The journey to drag millions of Nigerians into suffering and cripple their businesses and means of livelihood started on October 26, 2022, when the governor of the Central Bank of Nigeria (CBN) Mr Godwin Emefiele announced its plan to implement naira redesign policy.

The naira redesign was part of the plan by the Federal Government to fully implement a cash-less economy and drastically reduce vote buying among other benefits of naira redesign policy.

But a few days when the old naira notes – NGN200, NGN500, and NGN1,000 – were redesigned and launched, it was clear that the CBN governor had added personal political interest into his much-advertised cash-less policy.

How naira swap policy collapsed Nigeria’s economy

Initially, the CBN announced that Nigerians should deposit their old naira notes at banks in exchange for the new naira notes.

Unfortunately, millions of Nigerians who deposited the old notes were unable to get the new notes, they got stranded, and their businesses collapsed.

Point of Sales popularly known as POS operators in their thousands closed their shops because they didn’t have the new naira notes.

The online banking app that was supposed to support the cashless policy also collapsed because most of the financial institutions were not ready for the mammoth use of their apps.

In a statement by the Kaduna state governor, Mallam Nasir El-Rufai said what Emefiele implemented was currency confiscation and not currency swap.

El-Rufai accused the CBN of withdrawing over NGN2 Trillion from circulation but “printed only N400 billion, so in effect, currency confiscation was then unilaterally and unlawfully implemented by the CBN.

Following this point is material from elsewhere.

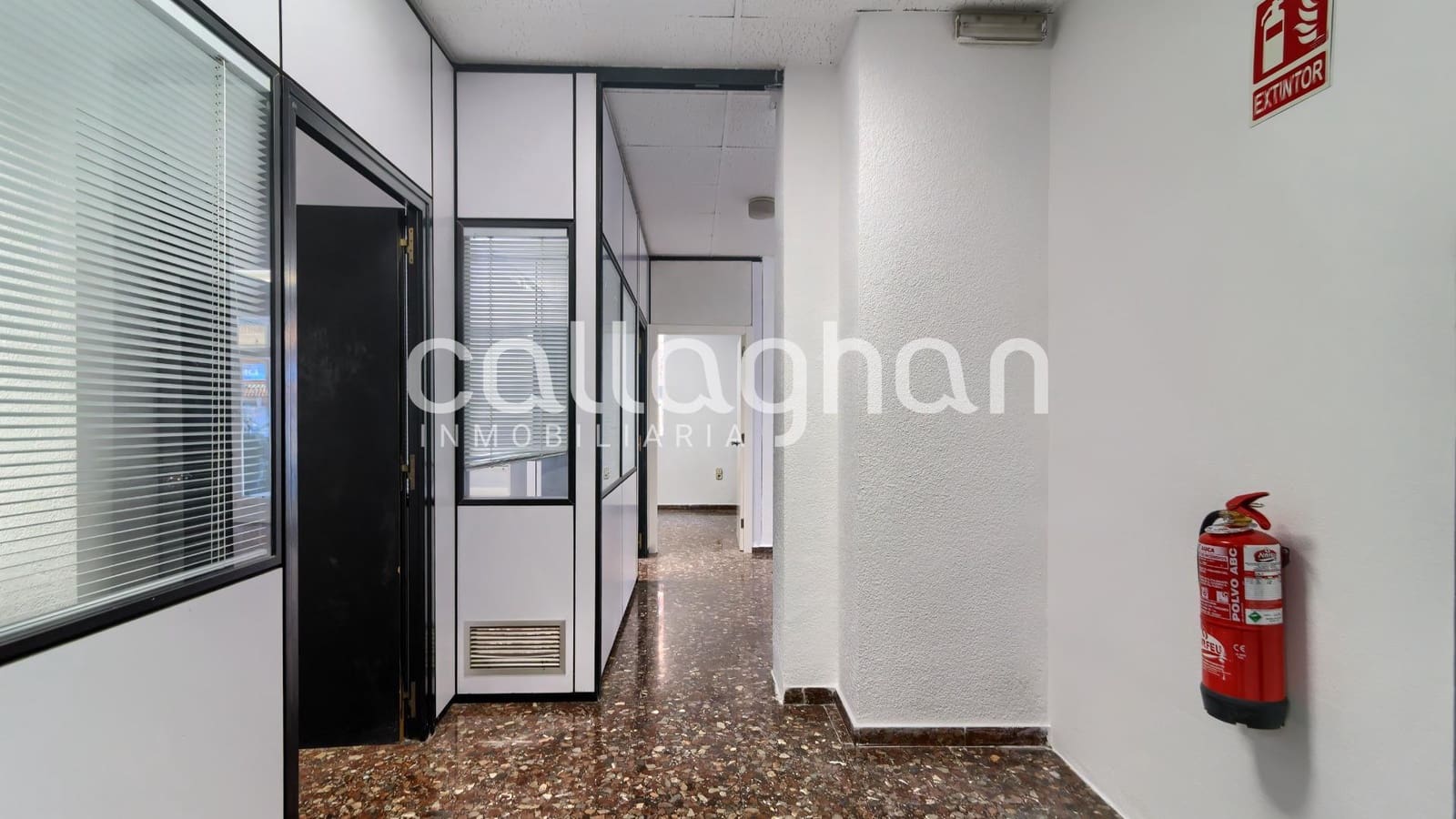 Erhverv til leje i Valencia by - € 2.200 (Ref: 9637783)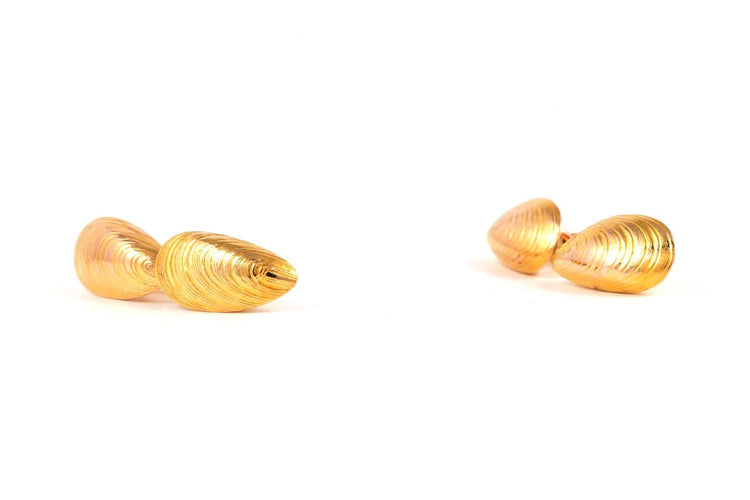 Boutons de manchette Boutons de manchette années 50 en or jaune 18 carats 58 Facettes B891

“Trade and exchange have collapsed. Human suffering, impoverishment and economic contraction resulted,” the former FCT minister said.

CBN ignores Supreme Court ruling

Angered by the destruction of banking properties that followed the naira scarcity, some state governments – over 10 of them – dragged the APC-led government of Muhammadu Buhari to the Supreme Court.

The judgement was in favour of the plaintiffs, but the Federal Government failed to respect the ruling of the highest court in the land.

On March 3, 2023,  the Apex court gave its final ruling that the old naira notes should circulate alongside the newly redesigned notes till December 31, 2023.

Unfortunately, the Buhari-led government through Emefiele-led CBN kept mum, they refused to obey the court order.

A lawyer and Intelligence Reform Expert, Dr. Charles Omole in a tweet described the silence of the FG and CBN on the court ruling as a disgrace that would come with consequences.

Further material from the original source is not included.